The good striped bass fishing is all up by Block Island or Rhode Island coast these days, but there are some schoolies and a keeper here and there to be had in the bays and in the Montauk surf.

A few bonito have started popping up along the sand beaches and around the inlets, though not enough to target reliably quite yet. I haven’t seen a Spanish mackerel come up locally but I’m told there are tons in Long Island Sound — which sorta shocked me to hear, thinking they were a pelagic fish that would never find their way that far inshore.

I’m sure the most intrepid false albacore hounds are already hunting for signs of them. They showed up about this time last year and there’s been tons of them out on the yellowfin grounds. Just a matter of the bait balling up and them coming along to find it.

Trophy Tunas 
At HOI Tournament

The 23rd Hamptons Offshore Invitational saw some trophy tunas come to the scales.

Coercion took the big prize with the two biggest bigeye tuna, at 249 and 226 pounds.

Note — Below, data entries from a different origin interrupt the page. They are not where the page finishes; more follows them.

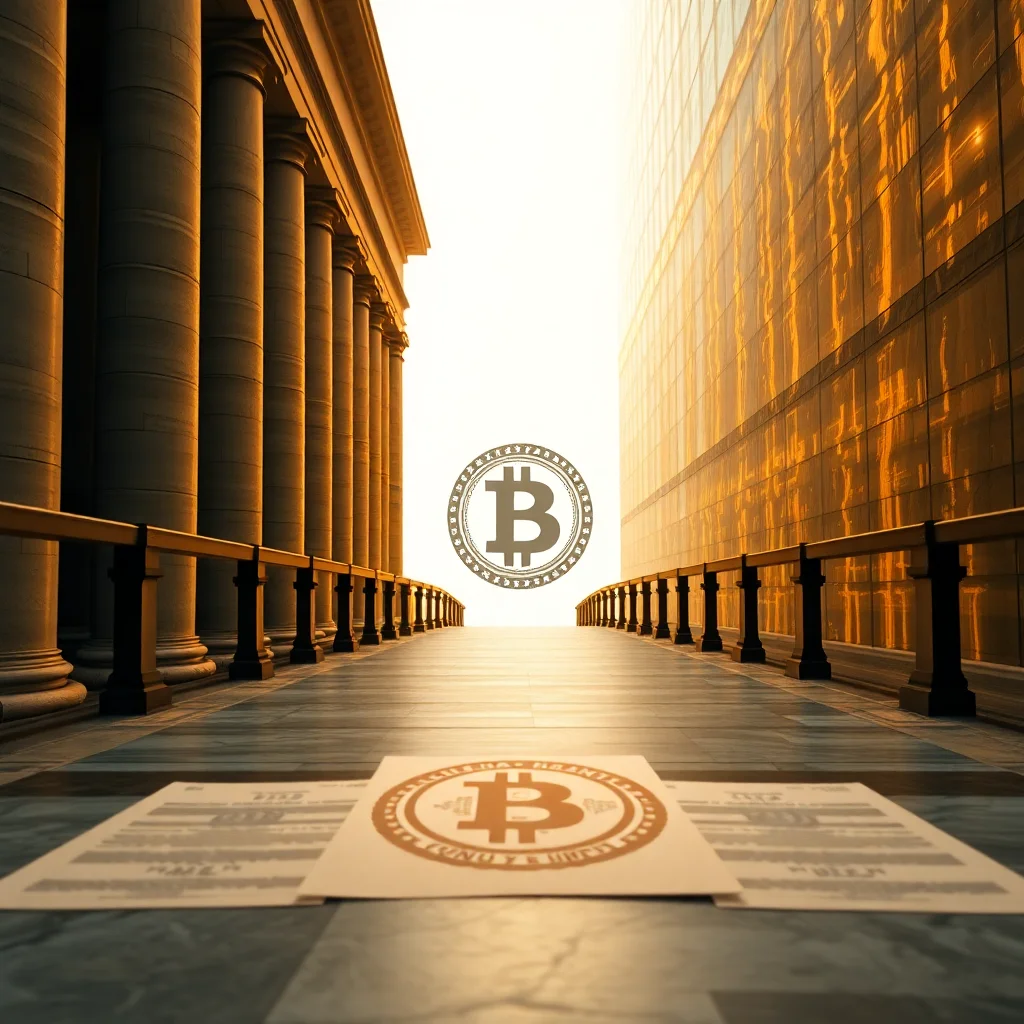 Bitcoin Enters Public Bonds as Moody's Rates First Crypto Deal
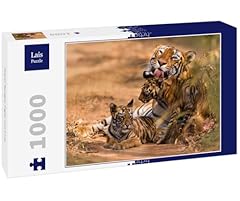 Lais puzzle tigre usato  Spedito ovunque in Italia 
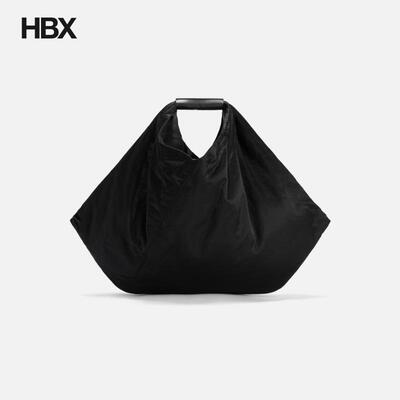 MM6 Maison Margiela/马吉拉 Japanese Draped Tote 托特包女HBX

Gunite had the third place bigeye as well as the largest yellowfin — a whopping 180-pound Gulf Stream trophy rarely seen in these parts.

White Water and Canyon Bound had the next two largest yellowfin, at 94 and 92 pounds.

Persuasion and Miss White Water took the top longfin albacore trophy with matching 61.5-pounders.

Slim Shady had the biggest mahi, at 26 pounds, followed by Two Docks’ 22-pounder and Syndey Bell’s 19.5-pounder.

A small field in the tournament this year for whatever reason still raised a bunch of money for Big Brothers Big Sisters of Long Island, so thanks to all the captains and organizers of the tournament.

Till next year, catch ’em up. See you out there.